More than times and places, though, the many people of Flux help propel it along, and keep the audience engaged. Chibnall clearly understands this, as he ends the first episode with an exciting montage of each featured character at the start of their journey. The cast is Flux's biggest asset and every performance is a good one, some great. Karvanista is the first of the recurring guest cast to be introduced, and he's an instantly complete and engaging creation: gruff, blunt, and very Northern, at times almost antagonistic, but always coming back however unwillingly to his basic moral code. He also looks like a very cute dog, which is a genius choice as it informs his character - it could've been rubbish and just seemed like a mask (though the handiwork is exceptional) but it's great because looking cute clearly annoys the character so much. The concept allows for some wit in the dialogue too; "I still have a human in this fight". He's also now stitched into the programme's lore as an old companion of the Doctor, and I'd love to see Craige Els return to portray him again. Vinder and Bel, as more straightforward action / romantic heroes, are not quite so interesting, but nonetheless are engagingly performed (by Jacob Anderson and Thaddea Graham respectively), and both have some good moments. Vinder's backstory as a punished whistle-blower in a corrupt regime is something a bit different, and it's great to see them reunited near the end after a series of near misses. Annabel Scholey as Claire Brown doesn't get much to do that doesn't involve reacting to moving statues, but makes the most of it; the scene where she looks in the mirror to see her reflection has stone angel wings (achieved in camera with physical effects work) is another standout moment.

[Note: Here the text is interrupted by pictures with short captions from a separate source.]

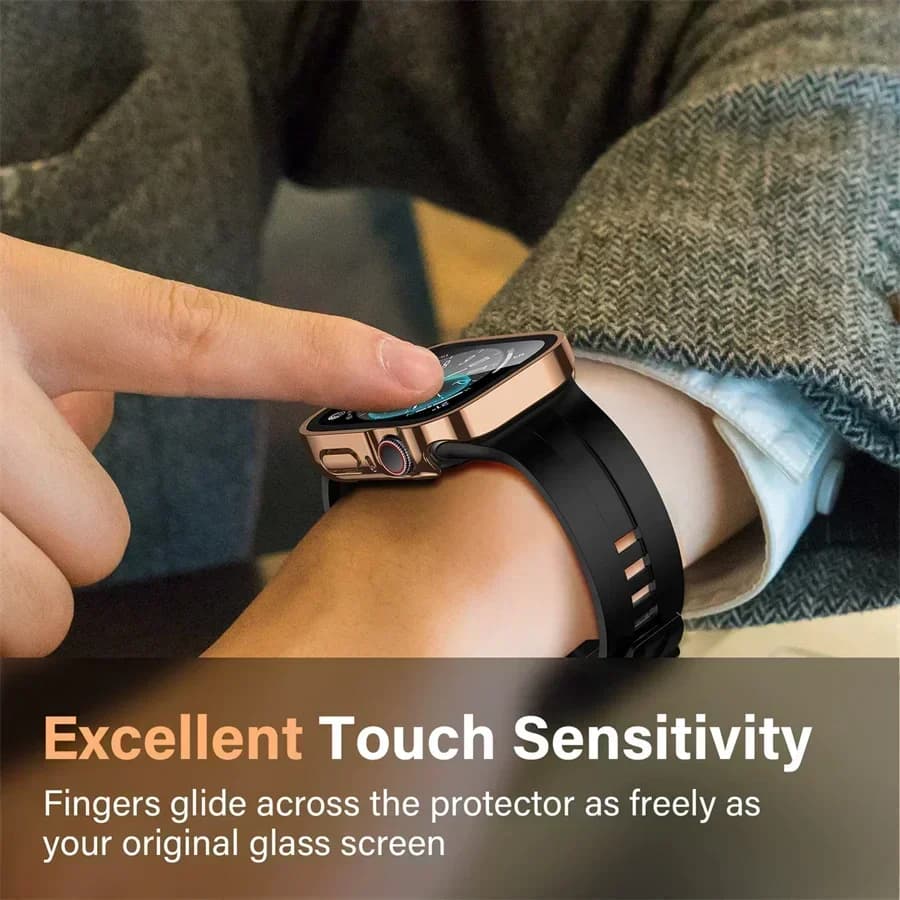 Étui de protection étanche et coque verre trempé pour Apple Watch 7 8 9 45mm 41mm - Accessoire iWatch 5 SE 6 44mm 40mm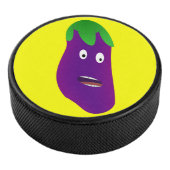 Erstaunliches Eggplant von Kenneth Yoncich Eishockey Puck (3/4)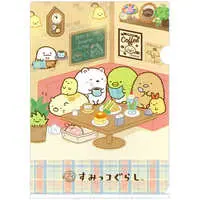 Stationery - Plastic Folder (Clear File) - Sumikko Gurashi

Other guest actors shine in less extensively featured roles: Nadia Albina as the resourceful Diane, Jemma Redgrave returning as Kate Stewart, Sarah Powell perfect as Mary Seacole, the historical celebrity around which a lot of the second episode revolves. On first watch, Blake Harrison seemed a little wasted in the role of Namaca, but this time round I got that he's there to represent all of the refugees displaced by the Flux, who otherwise wouldn't have a voice in the narrative. Best of all the guest characters, even though he doesn't turn up until halfway through, is Professor Eustacius Jericho, haunted but indomitable, serious but with a twinkle. It was a treat when he continued to work with Yaz and Dan in episode five, as he looked set to be a one-off character specific to the Angels plotline. It's also nice that Kevin McNally gets to do another good performance in Doctor Who, but this time as part of a story that's not The Twin Dilemma. Also returning to Doctor Who after a reasonable time away is Dan Starkey, who along with Johnathan Watson plays the different Sontarans featured. They are both so good, and the slightly tweaked masks similarly good, that you almost forget that there are actors in there. This is perhaps the best Sontaran story ever - showing them actually getting to participate in a war, having one ride a horse, and putting them on a level with the Daleks and Cybermen as top-tier adversaries. Main villains Swarm and Azure are gleefully but also glamorously sadistic, and actors Sam Spruell and Rochenda Sandall are having enormous fun playing them. Best of all the baddies, and also well dressed, is Craig Parkinson as the Grand Serpent. Yes, he's playing an extra-terrestrial twist on a somewhat similar role he famously played in another series (I'm trying not to spoiler here, if you know, you know) but he's doing it so well. He's also still alive at the end, so potentially could return to face the Doctor again.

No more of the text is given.